> **Your goal**
Beginning with the line that holds "Жусуп Кангелди уулу" and finishing with the line that holds "Spațiu industrial de", repeat the listing exactly, leaving every picture out.

(Extracted records)

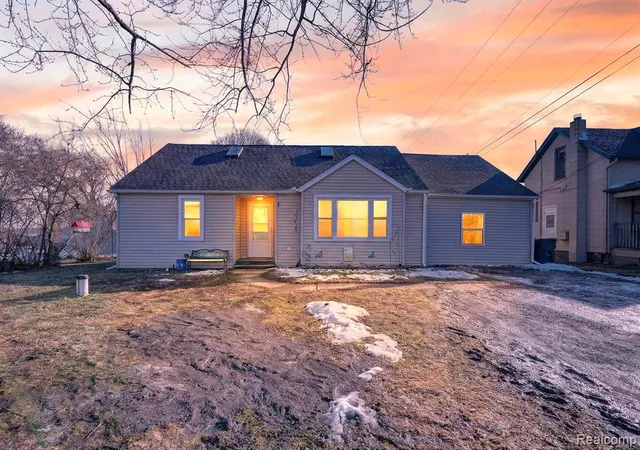 Homes for sale in Jeddo, MI | 6015 Jeddo Rd, Jeddo, MI 48032 | MLS# 60987987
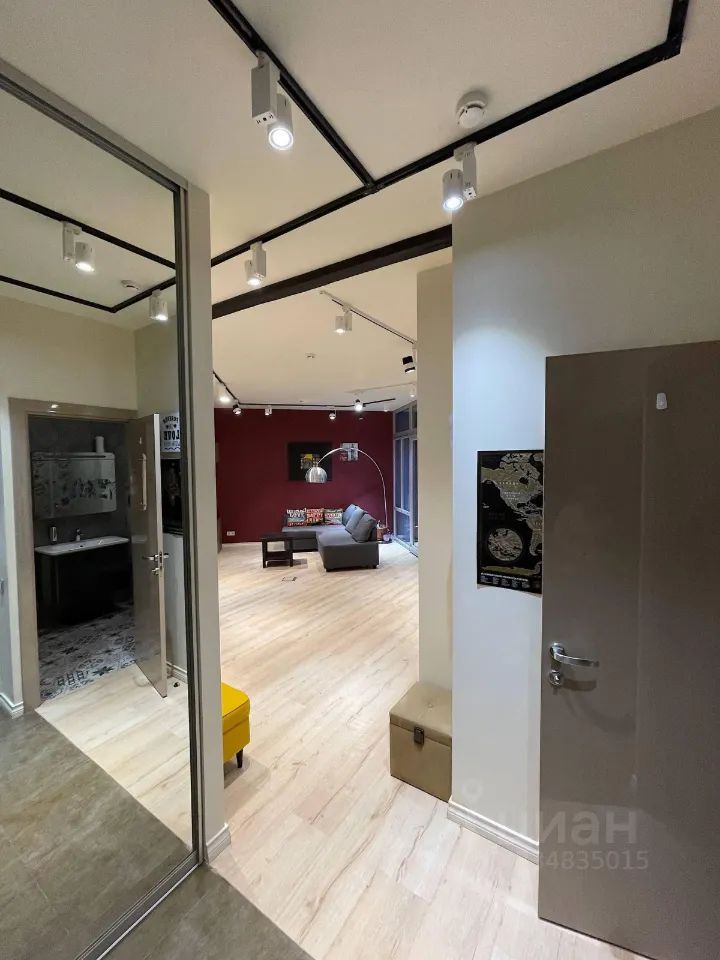 m. Molodezhnaya: Apartment, 2-rooms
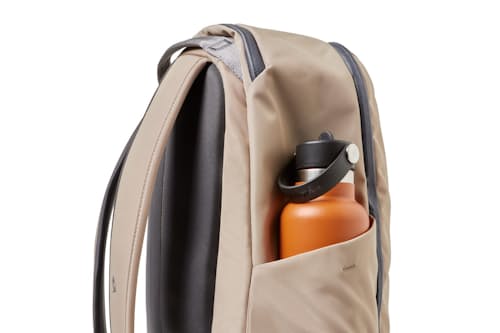 laydown detail image of Transit Workpack - 20L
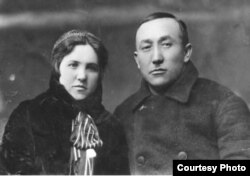 Жусуп Кангелди уулу жубайы Зинаида Федоровна Егошкина менен.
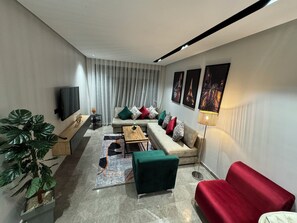 Living area - Stylish apprt Next to Mohamed V Stadium, Steps from Top Attractions! -Pavil 45- (Casablanca)
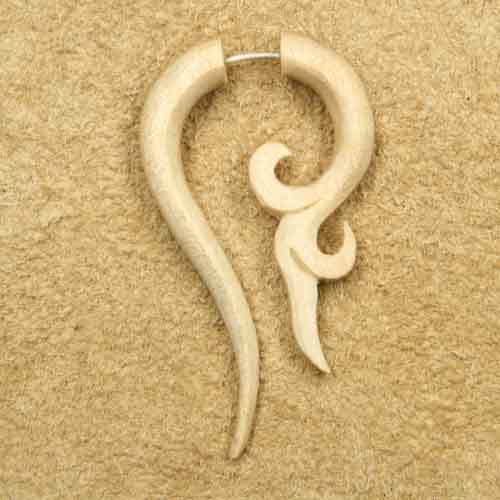 Matau Holz Ohrschmuck Fake Piercing wei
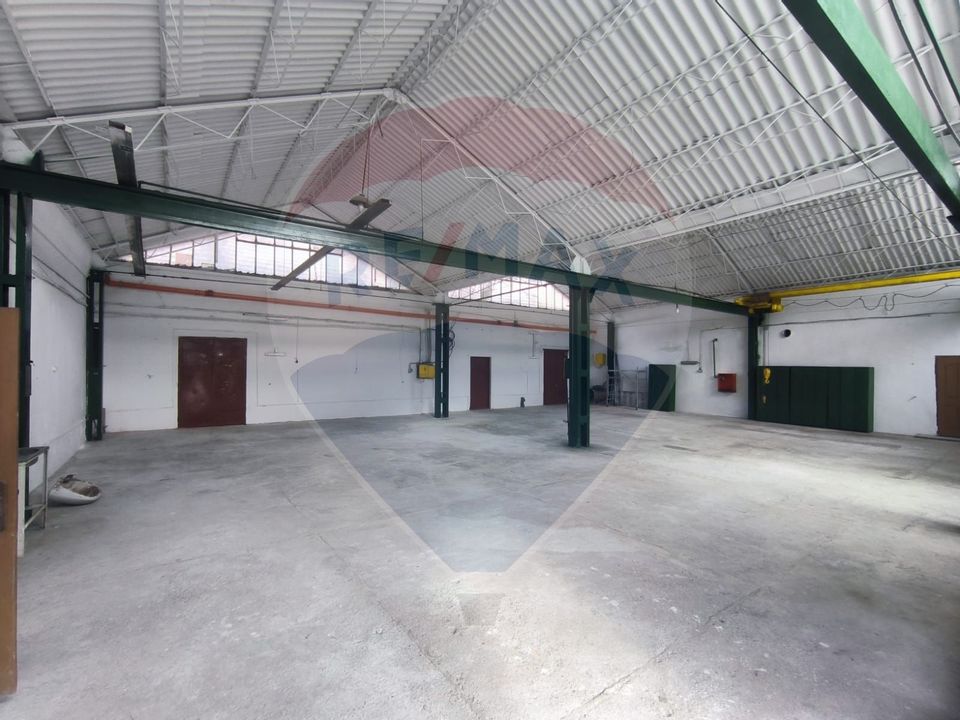 Spațiu industrial de 435mp de închiriat în zona Sannicolau Mic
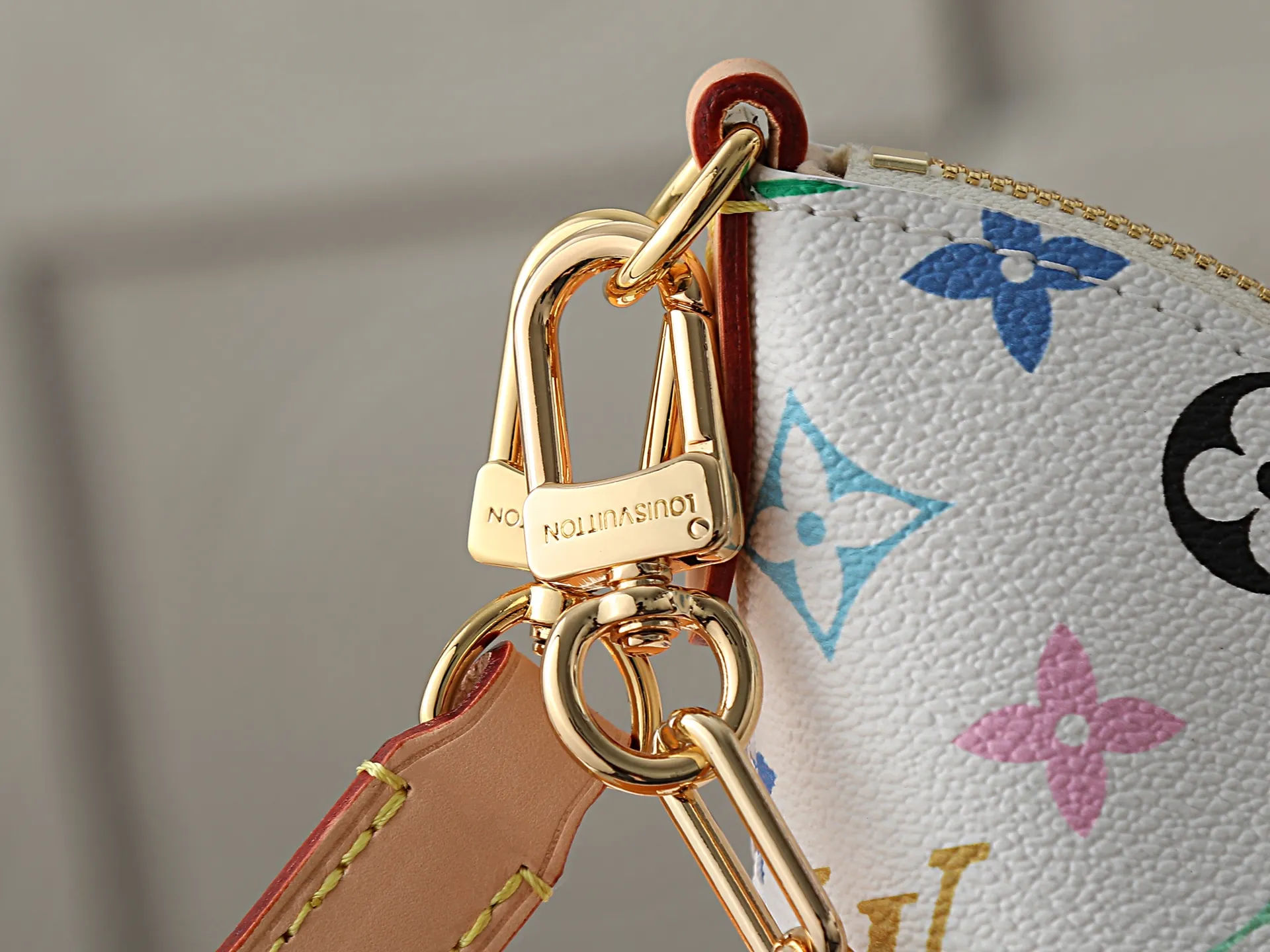 All Categories Official Website "Brand Women's Bags" Women's Bags 💙 LV LV 2026 New Crossbody Shoulder Bag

(End Extracted records)

> **Reply to the exercise**
 Жусуп Кангелди уулу жубайы Зинаида Федоровна Егошкина менен.
 Living area - Stylish apprt Next to Mohamed V Stadium, Steps from Top Attractions! -Pavil 45- (Casablanca)
 Matau Holz Ohrschmuck Fake Piercing wei
 Spațiu industrial de 435mp de închiriat în zona Sannicolau Mic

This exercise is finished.